Collected material ->
***

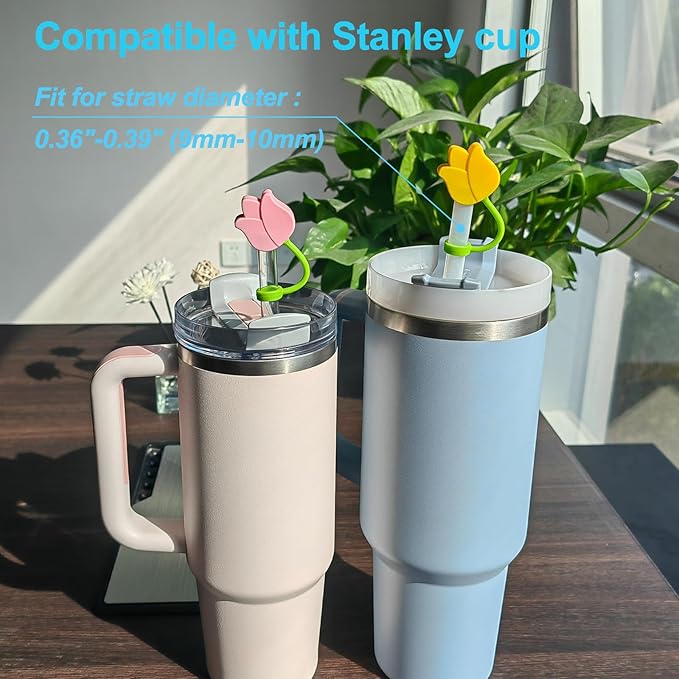 4 Pack Tulip Straw Covers Cap Compatible with Stanley Cup 40 30 oz, Cute Silicone Flowers Straw Topper, Tumbler Accessories, Christmas Gifts for Women
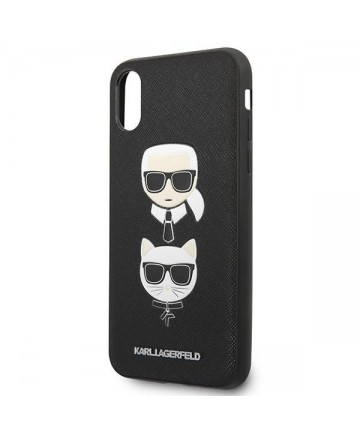 Karl Lagerfeld Saffiano Karl&Choupette Head case for iPhone XS Max - black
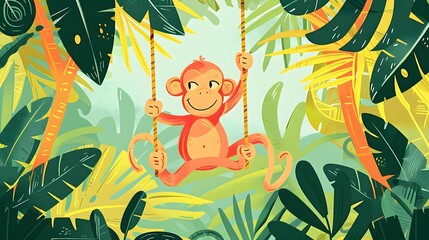 Cheerful monkey swinging in a lush jungle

***

Exercise instructions -> Output the listing above exactly, excluding all pictures.

Response below ->
 4 Pack Tulip Straw Covers Cap Compatible with Stanley Cup 40 30 oz, Cute Silicone Flowers Straw Topper, Tumbler Accessories, Christmas Gifts for Women
 Karl Lagerfeld Saffiano Karl&Choupette Head case for iPhone XS Max - black
 Cheerful monkey swinging in a lush jungle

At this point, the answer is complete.